While it was unclear Tuesday how many signatures had been collected, an organizer of an effort seeking to recall a county commissioner does not believe there are enough to trigger an election.

While it was unclear Tuesday how many signatures had been collected, an organizer of an effort seeking to recall a county commissioner does not believe there are enough to trigger an election.

“I really don’t think we’re anywhere near where we need to be,” Michael Jordan said.

Jordan was a member of a committee that sought to recall County Commission Chairman Bob Holland.

Organizers of the effort had 90 days to collect at least 2,012 signatures of registered voters in Holland’s district. Collecting this number of signatures would result in a recall election.

Tuesday was the deadline for turning in the signatures to the County Clerk’s Office.

Jordan said he planned to turn in the signatures he collected. But based on what he has heard from others who were circulating the recall petition, he believes they are well short of the needed number of signatures.

“I would be shocked if we got 500,” Jordan said.

As of 4 p.m. Tuesday, County Clerk Janet Klasinski said her office had not yet received any signatures for the recall effort.

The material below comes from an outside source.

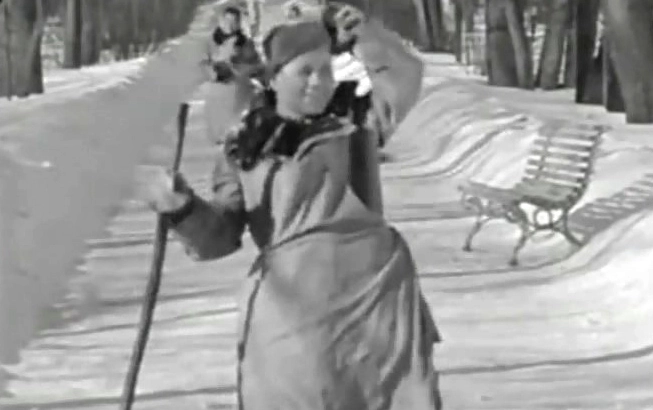 Евгений Леонов в фильме «Карандаш на льду», 1948 г.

Holland, a Republican, represents the County Commission’s 1st District, which includes most of northern Leavenworth County including a portion of the city of Leavenworth. He was re-elected to a second term on the commission in 2014.

In the fall, members of a committee submitted a written justification for why they were seeking to recall Holland. They argued Holland failed to perform his duties as a commissioner because of violations of the Kansas Open Meetings Act.

In September, the three county commissioners entered into a consent order agreement with the Kanas attorney general to resolve violations of the state’s open meetings law.

The Attorney General’s Office found the commissioners violated the Kansas Open Meetings Act in April by making binding decisions in executive session, not properly wording motions to go into executive session and not limiting discussion in executive session to topics identified in motions.

As part of the consent order, commissioners admitted to the violations. Each commissioner agreed to receive at least one hour of training regarding the open meetings law.

Jordan said he believes some people did not want to have anything to do with the recall petition because the 2016 election year was messy and nasty.

Holland was not on the ballot last year. But the two other commissioners were on the ballot. Commissioner Clyde Graeber won re-election. Commissioner Dennis Bixby lost in a primary, and he will be replaced by Doug Smith.

County Treasurer Janice Van Parys, who has had a contentious relationship with the County Commission, also was on the ballot in 2016. Van Parys was re-elected to the office of treasurer.

While he had not received official word Tuesday, Holland said he also had heard that the recall effort against him may be short of the needed number of signatures.

Holland said he wanted to thank people in the 1st District who have confidence in him.

Holland said commissioners are trying to move the county forward.

“I look forward to working with both county commissioners,” he said.